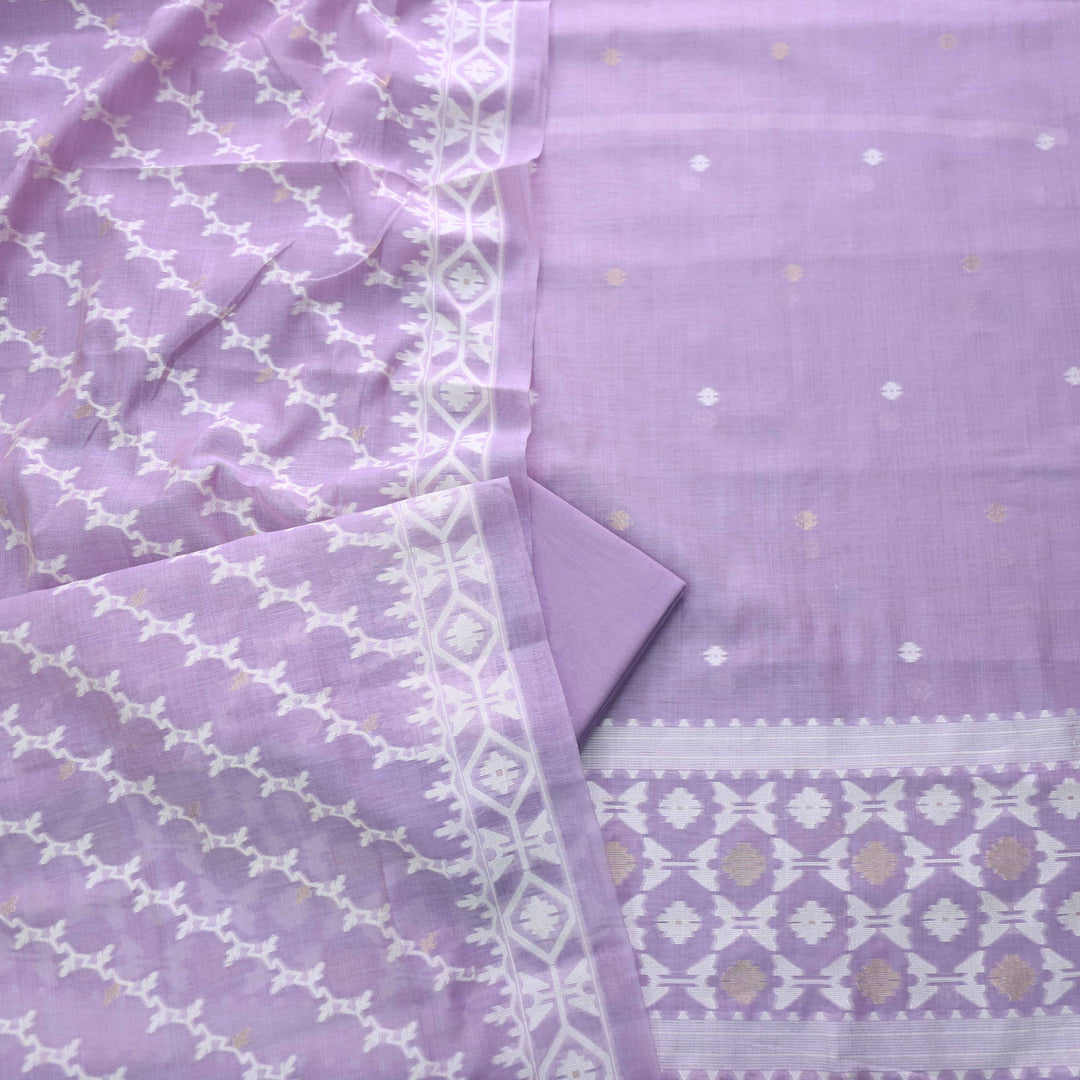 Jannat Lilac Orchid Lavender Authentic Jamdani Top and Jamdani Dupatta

---

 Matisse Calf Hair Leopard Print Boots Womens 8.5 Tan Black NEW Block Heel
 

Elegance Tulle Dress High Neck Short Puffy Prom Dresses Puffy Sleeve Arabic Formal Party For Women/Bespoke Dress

### Required work
Repeat exactly the lines of the listing above, from the one with "Matisse Calf Hair" down to the one with "Elegance Tulle Dress"; both of those lines belong in the range.

### Solution for this problem
 Matisse Calf Hair Leopard Print Boots Womens 8.5 Tan Black NEW Block Heel
 

Elegance Tulle Dress High Neck Short Puffy Prom Dresses Puffy Sleeve Arabic Formal Party For Women/Bespoke Dress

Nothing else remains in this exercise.